EDIT - the member stats are on the front page, just scroll down

Reactions: Like 1


----------



## Anneries (11/1/17)

just jumping in quickly here before the people in the know answer,
counting the 312 pages of registered members

http://www.ecigssa.co.za/members/list

and seeing there are 20 people per list, that gives us 6240 users. How much of them is still active I cant help with, but those are the registered members of the forum.

Edit: Ai, I see @Silver was quicker on the draw
2nd Edit: Ai, stopped at the recently online block, did not see that stats block, haha.


----------



## Cruzz_33 (11/1/17)

@Silver thanks a mil. I did check and get to about 6240 members the way in which @Anneries did. 

Yeah defiantly agree with quality over quantity , was just intrigued when I went on the Facebook groups today and saw how they have grow as last time I went on I only saw about 5000 members.
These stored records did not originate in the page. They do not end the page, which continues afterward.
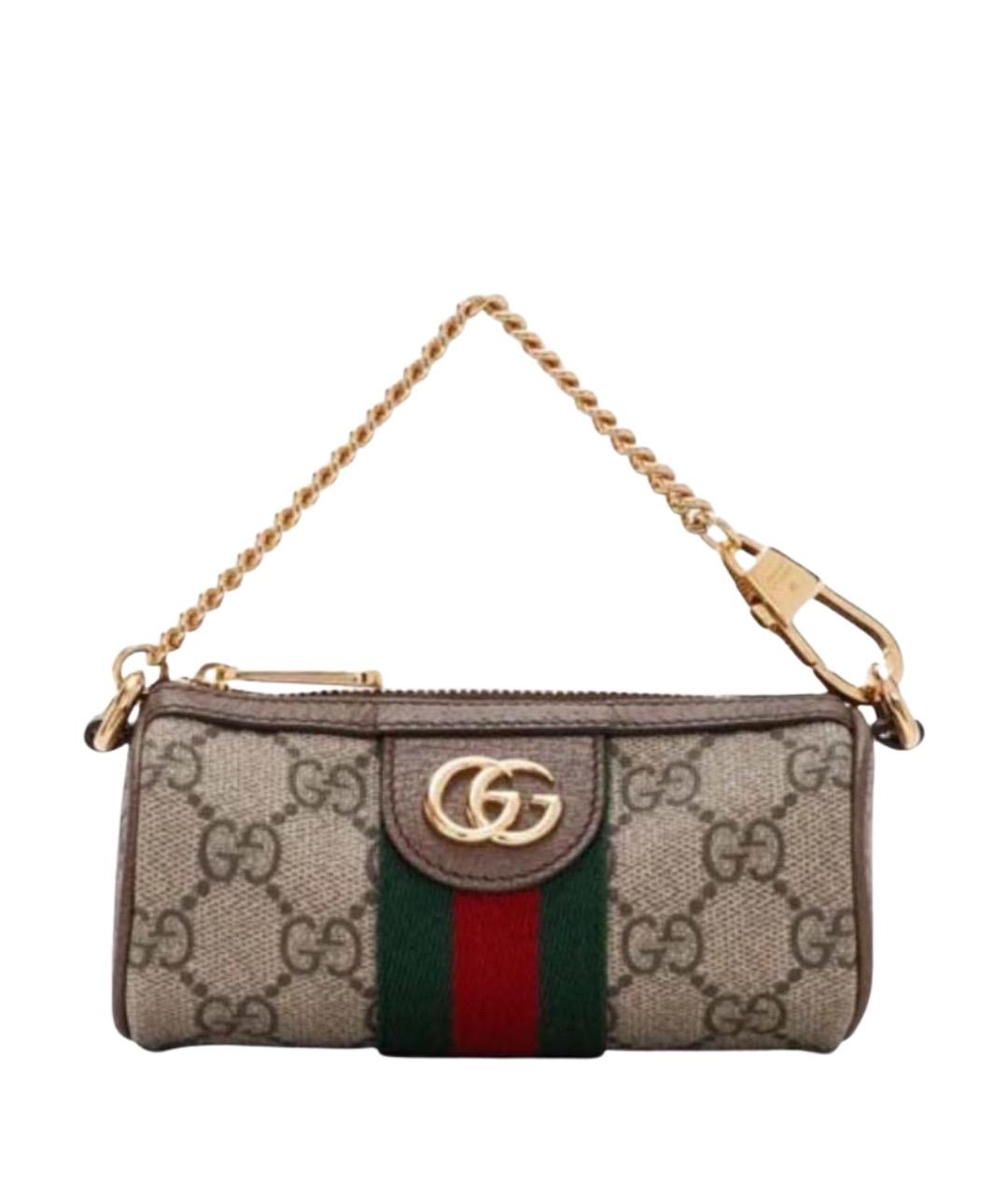 GUCCI Бежевая канва сумка с короткими ручками, фото 1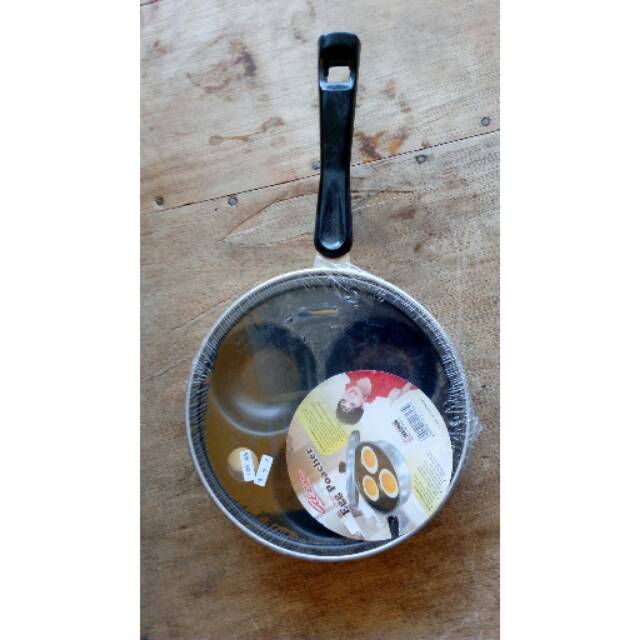 Cetakan telur rebus mata sapi egg poacher alcor Maspion 3 lubang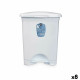 Papelera con Pedal Blanco Plástico 10 L (8 Unidades)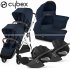 Cybex - Gazelle S Trio Gemellare Con Cloud T Isize Ocean Blue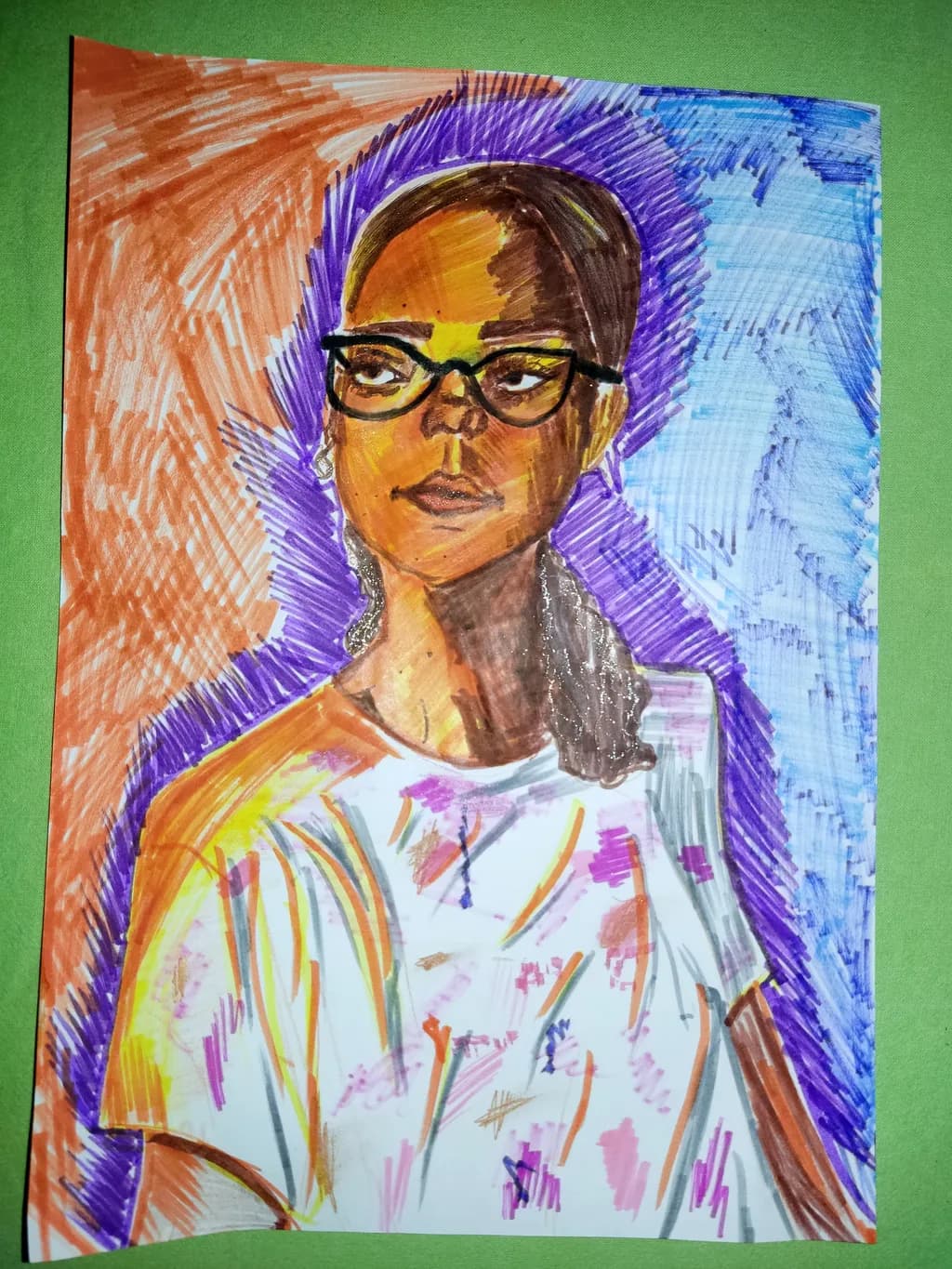 Radiant Reflections: A Portrait of Strength and Identity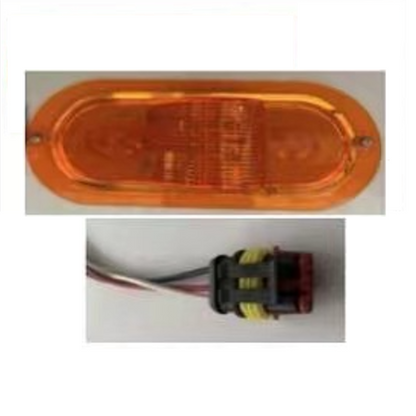 10-30V 6-Inch Oval LED Stop Tail Turn Light | IP67 Waterproof Truck Trailer RV Bus Tow Vehicle Lamp with Amber Lenses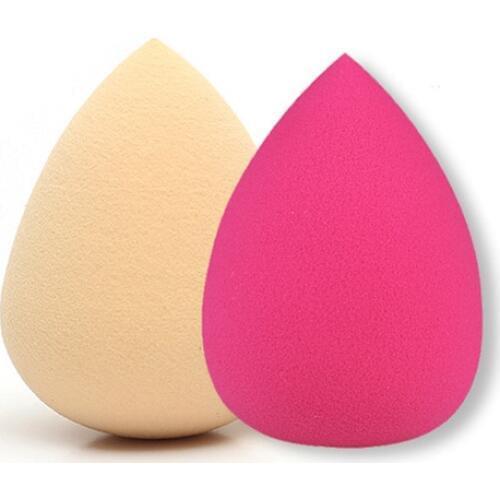 2pcs/Lot Water Drop Shape Beauty Convenient Mini Cosmetic Puff Makeup Foundation Sponge Smooth HF#093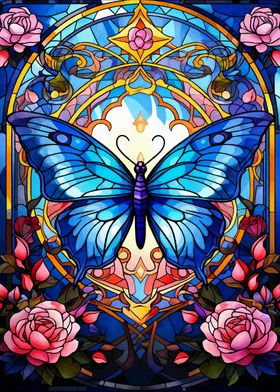 Stained Glass Butterfly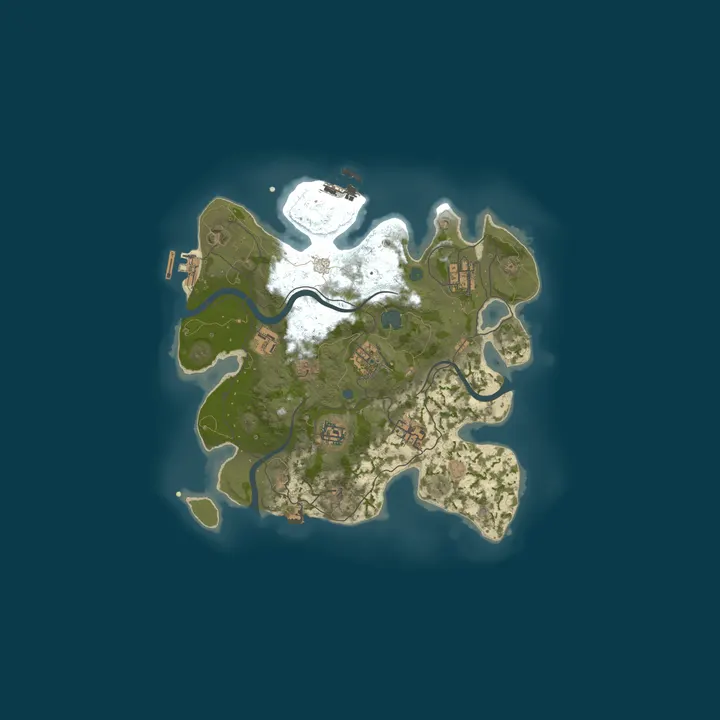 Map of A Rust Server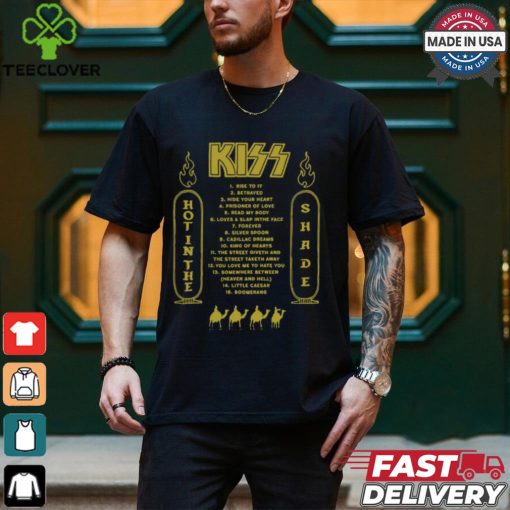 Kiss Hot In The Shade Tracklist 35Th Anniversary Shirt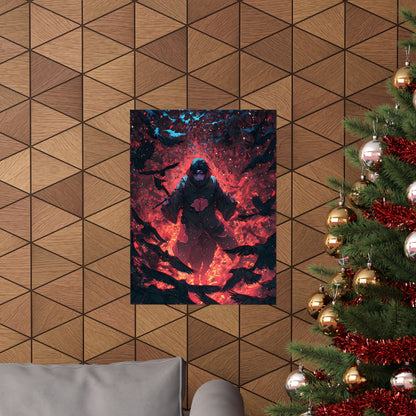 Itachi Uchiha, Tsukuyomi Naruto Shippuden Anime Fan Art Vertical Poster Wall Art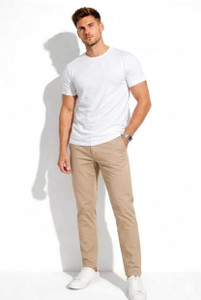 PREMGOODS Solid Men Round Neck White T-Shirt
Awesome to see how the community is growing

Reactions: Like 1


----------



## Clouds4Days (12/1/17)

On facebook groups most members join just to sell goods, there are alot of members who are not active.
Ive joined a facebook group months ago and have never even posted a single comment.

I just find eciggsa a much simplier way to firstly look for something that has been delt with before and also quicker to navigate around and and and....

Reactions: Agree 4


----------



## Clouds4Days (12/1/17)

And i forgot something.... 

Ecigssa is a very close community i have not met 80% of the members but yet we chat sometimes like we neighbours.

So as mentioned above, its all about the quality.

Reactions: Like 2 | Agree 5


----------